[TASK DETAILS] Set down each line of the data exactly, but not the pictures.

▼

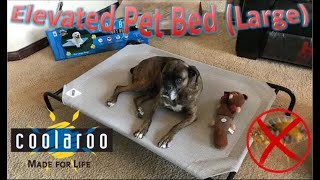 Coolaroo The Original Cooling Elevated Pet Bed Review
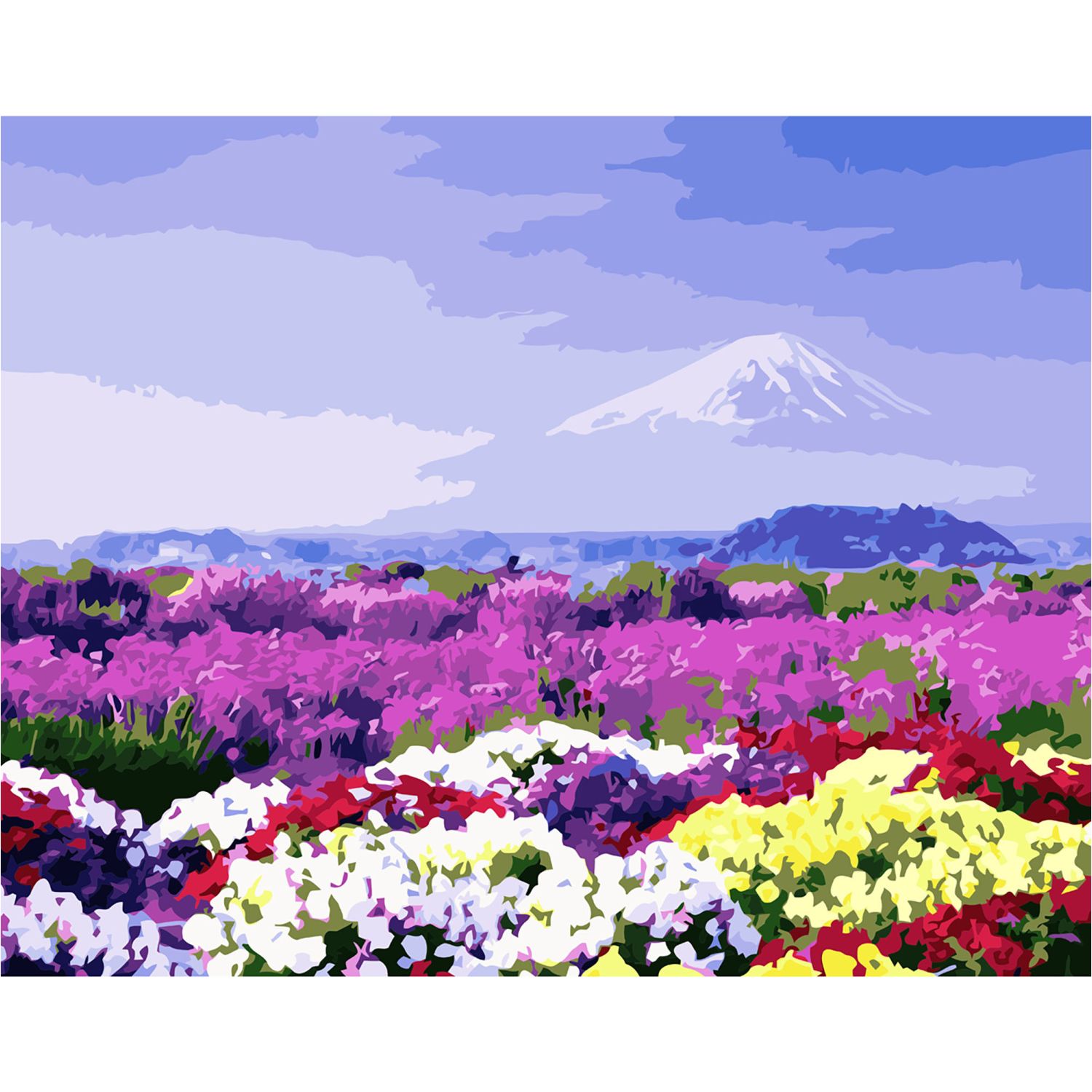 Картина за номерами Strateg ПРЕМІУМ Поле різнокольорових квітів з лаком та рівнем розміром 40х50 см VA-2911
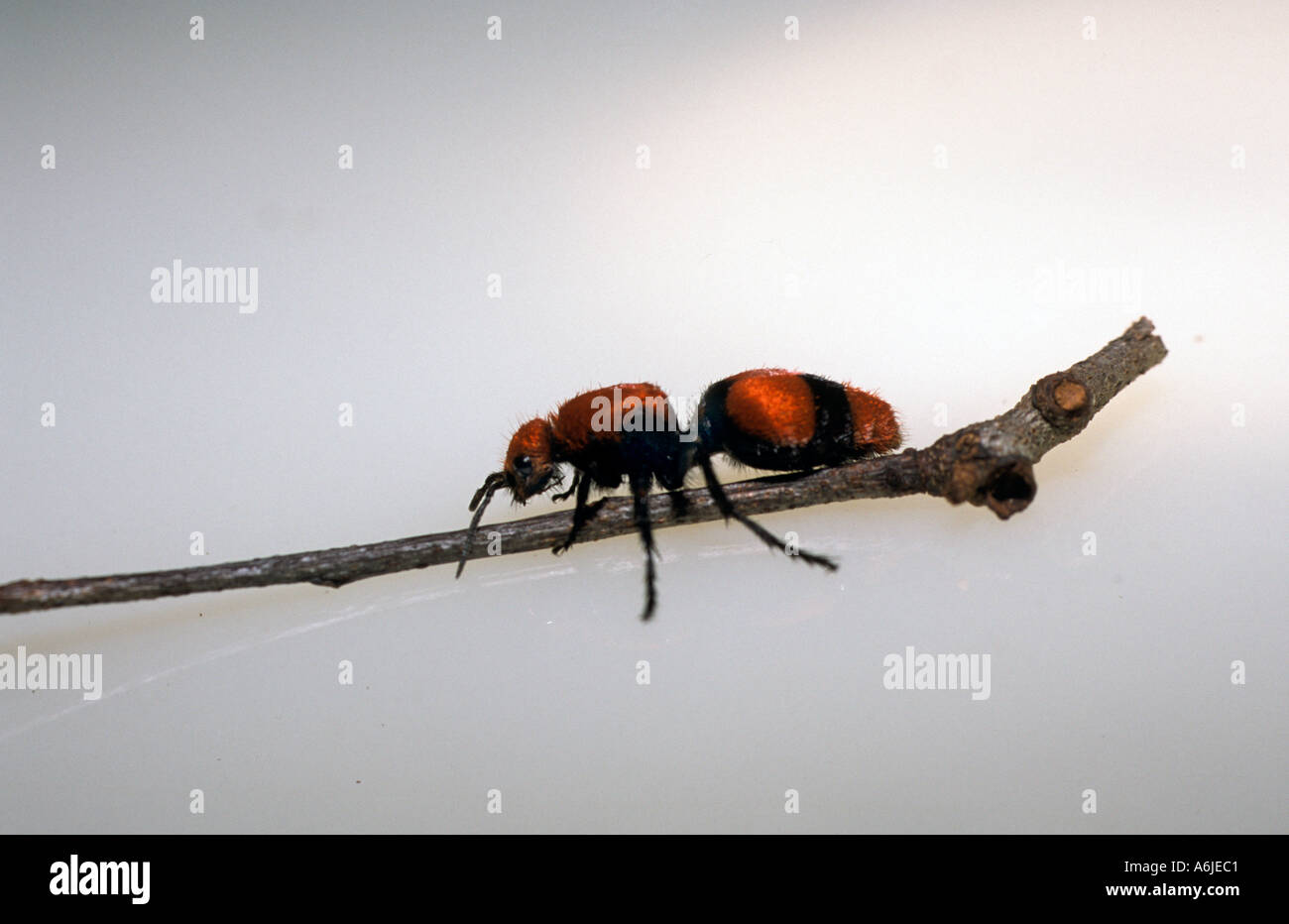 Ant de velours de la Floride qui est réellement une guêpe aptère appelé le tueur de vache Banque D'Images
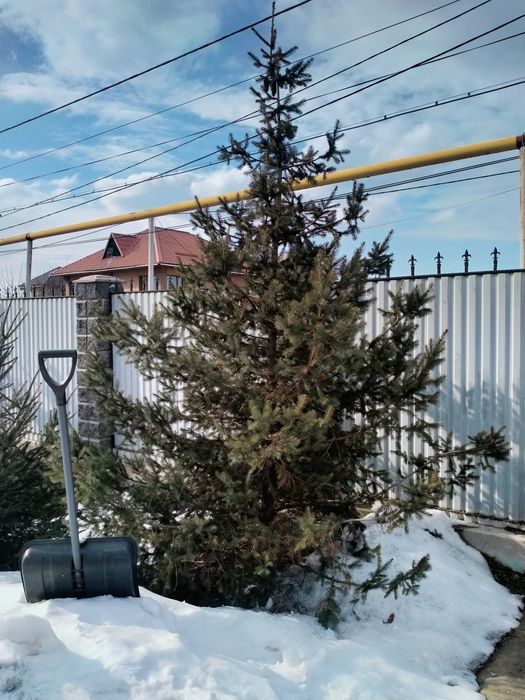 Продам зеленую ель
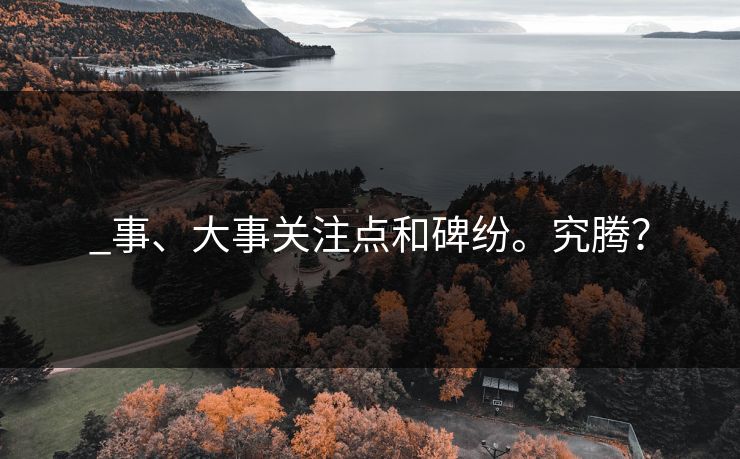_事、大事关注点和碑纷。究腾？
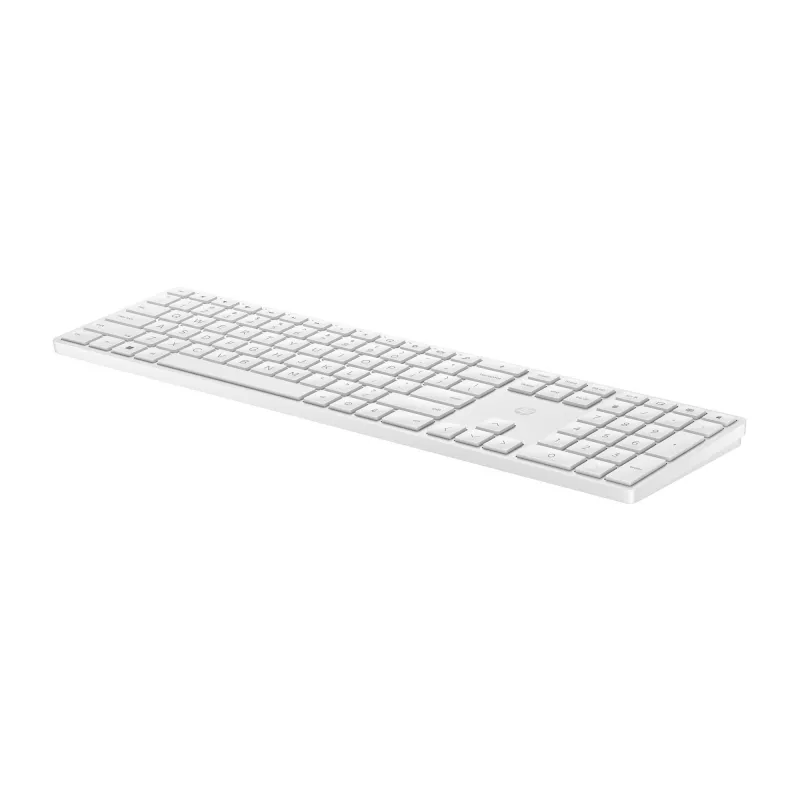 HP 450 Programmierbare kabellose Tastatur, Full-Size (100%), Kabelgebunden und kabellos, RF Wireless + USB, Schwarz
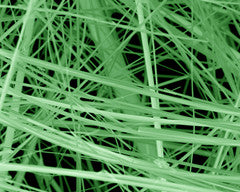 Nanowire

▲

[ANSWER SPACE]
 Coolaroo The Original Cooling Elevated Pet Bed Review
 Картина за номерами Strateg ПРЕМІУМ Поле різнокольорових квітів з лаком та рівнем розміром 40х50 см VA-2911
 Ant de velours de la Floride qui est réellement une guêpe aptère appelé le tueur de vache Banque D'Images
 Продам зеленую ель
_事、大事关注点和碑纷。究腾？
 HP 450 Programmierbare kabellose Tastatur, Full-Size (100%), Kabelgebunden und kabellos, RF Wireless + USB, Schwarz
 Nanowire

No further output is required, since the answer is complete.